— WORK ITEM —
Take the whole listing and reproduce it exactly, pictures excepted.

— EXERCISE DATA —
***

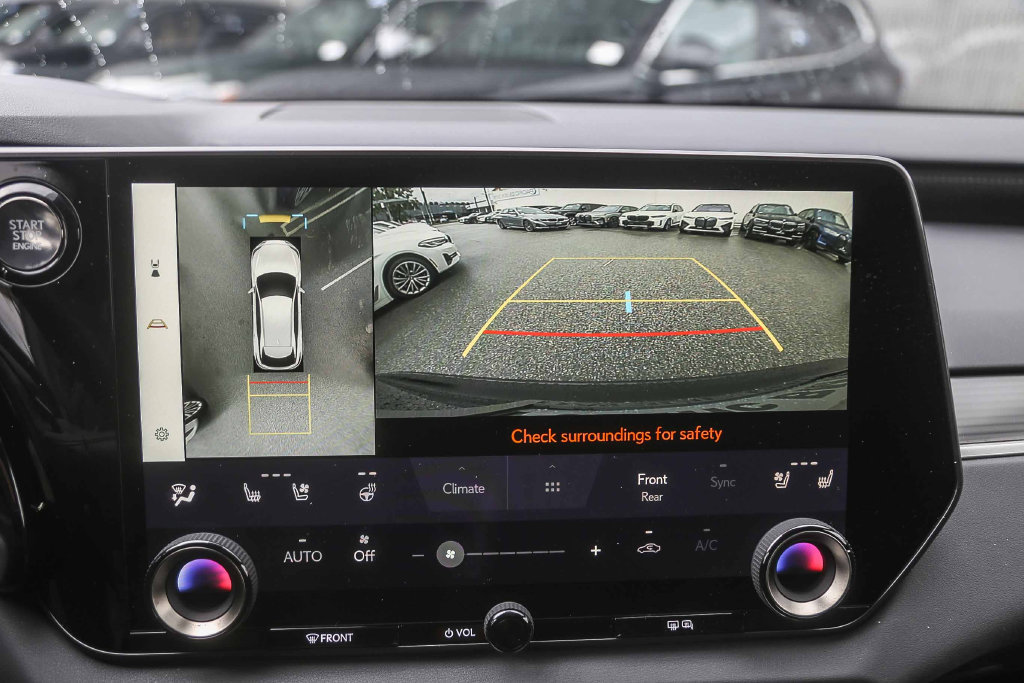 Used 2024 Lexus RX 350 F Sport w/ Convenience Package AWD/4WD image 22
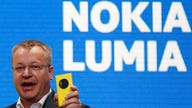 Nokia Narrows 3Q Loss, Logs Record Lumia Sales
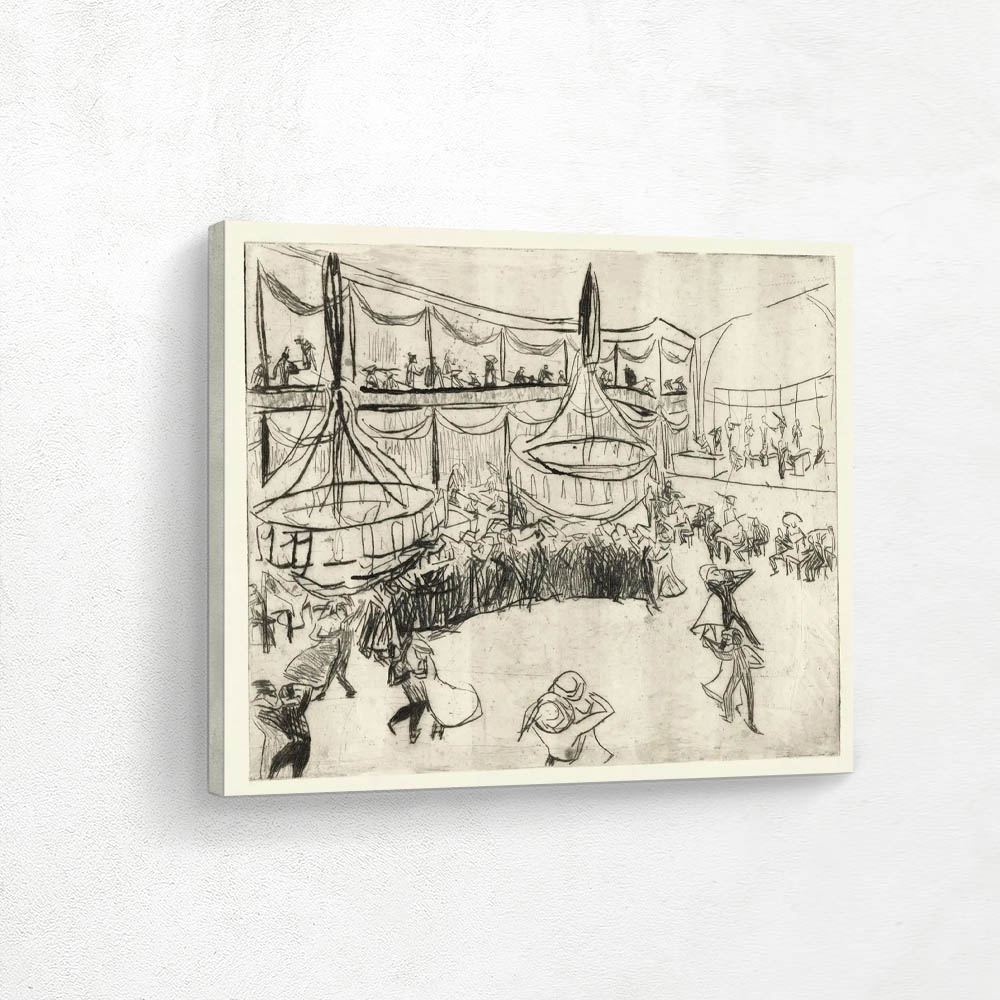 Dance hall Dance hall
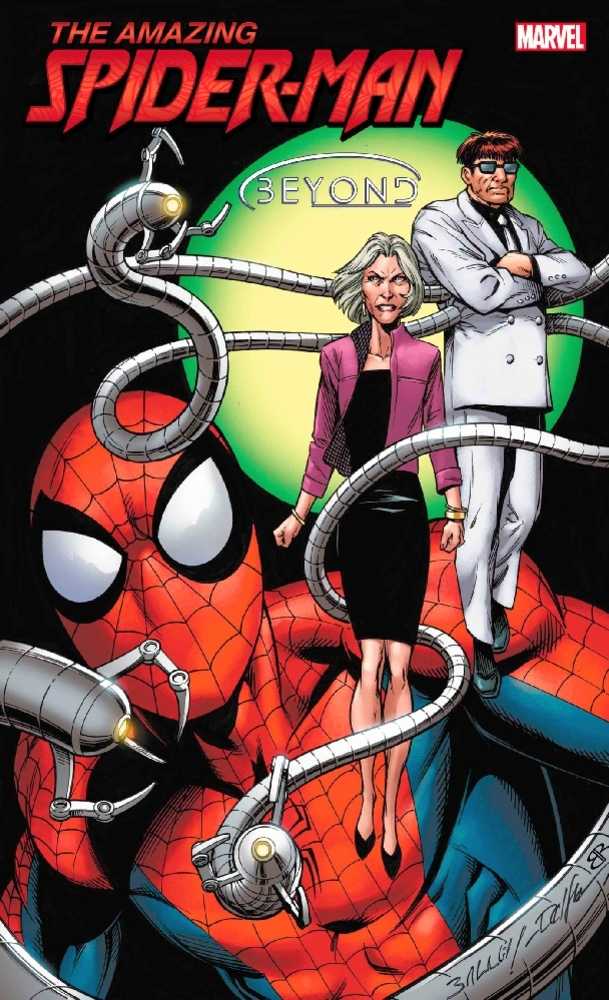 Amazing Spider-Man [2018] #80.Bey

***

— RESULT OF THE TASK —
 Used 2024 Lexus RX 350 F Sport w/ Convenience Package AWD/4WD image 22
 Nokia Narrows 3Q Loss, Logs Record Lumia Sales
 Dance hall Dance hall
 Amazing Spider-Man [2018] #80.Bey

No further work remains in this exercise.